RECORDS SUPPLIED START

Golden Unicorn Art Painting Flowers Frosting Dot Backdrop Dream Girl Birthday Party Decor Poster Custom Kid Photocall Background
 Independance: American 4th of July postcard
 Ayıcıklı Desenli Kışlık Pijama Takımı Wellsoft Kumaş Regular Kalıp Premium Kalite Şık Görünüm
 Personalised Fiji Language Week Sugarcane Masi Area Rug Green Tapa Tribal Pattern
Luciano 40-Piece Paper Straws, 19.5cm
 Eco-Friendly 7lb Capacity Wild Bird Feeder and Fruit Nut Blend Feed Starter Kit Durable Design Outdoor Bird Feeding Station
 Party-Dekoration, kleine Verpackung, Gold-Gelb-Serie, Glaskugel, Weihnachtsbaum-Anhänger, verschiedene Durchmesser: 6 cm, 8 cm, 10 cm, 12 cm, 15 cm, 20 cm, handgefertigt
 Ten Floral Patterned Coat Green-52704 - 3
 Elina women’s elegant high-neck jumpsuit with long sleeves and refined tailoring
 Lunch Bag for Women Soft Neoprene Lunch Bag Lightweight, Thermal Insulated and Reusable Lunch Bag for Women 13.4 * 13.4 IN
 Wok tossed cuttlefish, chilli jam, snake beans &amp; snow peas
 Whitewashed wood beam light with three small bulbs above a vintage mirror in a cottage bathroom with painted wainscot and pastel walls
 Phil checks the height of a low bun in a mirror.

RECORDS SUPPLIED END

**WHAT THE TASK ASKS**
Copy, please, every line from the start of the entries down to the line that holds "Personalised Fiji Language", with both of those lines included and no others.

**TASK OUTPUT**
Golden Unicorn Art Painting Flowers Frosting Dot Backdrop Dream Girl Birthday Party Decor Poster Custom Kid Photocall Background
 Independance: American 4th of July postcard
 Ayıcıklı Desenli Kışlık Pijama Takımı Wellsoft Kumaş Regular Kalıp Premium Kalite Şık Görünüm
 Personalised Fiji Language Week Sugarcane Masi Area Rug Green Tapa Tribal Pattern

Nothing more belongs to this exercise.